What would you have said, my dear brethren, if you had been living during the time of St. Nicholas and you had seen him coming in the middle of the night, walking around the house of three young girls, watching carefully and taking good care that no one saw him. Just look at that bishop, you would have thought at once, degrading and dishonouring his calling; he is a dreadful hypocrite. He seems to be a saint when he is in church, and look at him now, in the middle of the night, at the door of three girls who do not have a very good reputation! And yet, my dear brethren, this bishop, who would certainly have been condemned by you, was indeed a very great saint and most dear to God. What he was doing was the best deed in the world. In order to spare these young persons the shame of begging, he came in the night and threw money in to them through their window because he feared that it was poverty which had made them abandon themselves to sin.

This should teach us never to judge the actions of our neighbour without having reflected very well beforehand. Even then, of course, we are only entitled to make such judgments if we are responsible for the behaviour of the people concerned, that is, if we are parents or employers, and so on. As far as all others are concerned, we are nearly always wrong. Yes indeed, my brethren, I have seen people making wrong judgments about the intentions of their neighbour when I have known perfectly well that these intentions were good. I have tried in vain to make them understand, but it was no good. Oh!
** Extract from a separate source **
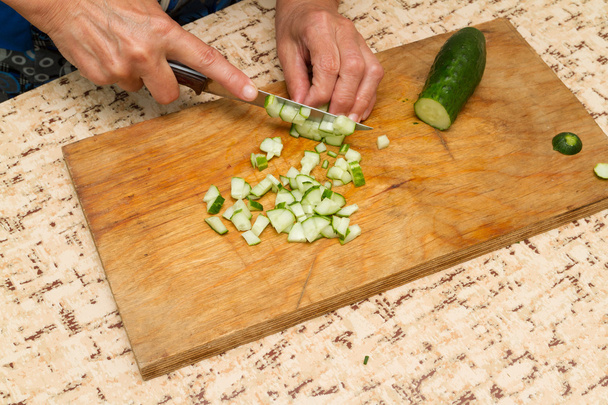 De chef-kok snijdt de komkommer op een houten bord. - Foto, afbeelding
Cursed pride, what evil you do and how many souls do you lead to Hell!

Answer me this, my dear brethren. Are the judgments which we make about the actions of our neighbour any better founded than those which would have been made by anyone who might have seen St. Nicholas walking around that house and trying to find the window of the room wherein were the three girls?

It is not to us that other people will have to render an account of their lives, but to God alone. But we wish to set ourselves up as judges of what does not concern us. The sins of others are for others, that is, for themselves, and our sins are our own business. God will not ask us to render an account of what others have done but solely of what we ourselves have done.

Let us watch over ourselves, then, and not torment ourselves so much about others, thinking over and talking about what they have done or said. All that, my dear brethren, is just so much labor lost, and it can only arise from a pride comparable to that of the Pharisee who concerned himself solely with thinking about and misjudging his neighbour instead of occupying himself with thoughts of his own sins and weeping for his own poor efforts. Let us leave the conduct of our neighbour on one side, my dear brethren, and content ourselves with saying, like the holy King David: Lord, give me the grace to know myself as I really am, so that I may see what displeases Thee, and how to correct it, repent, and obtain pardon.

No, my dear brethren, while anyone passes his time in watching the conduct of other people, he will neither know nor belong to God.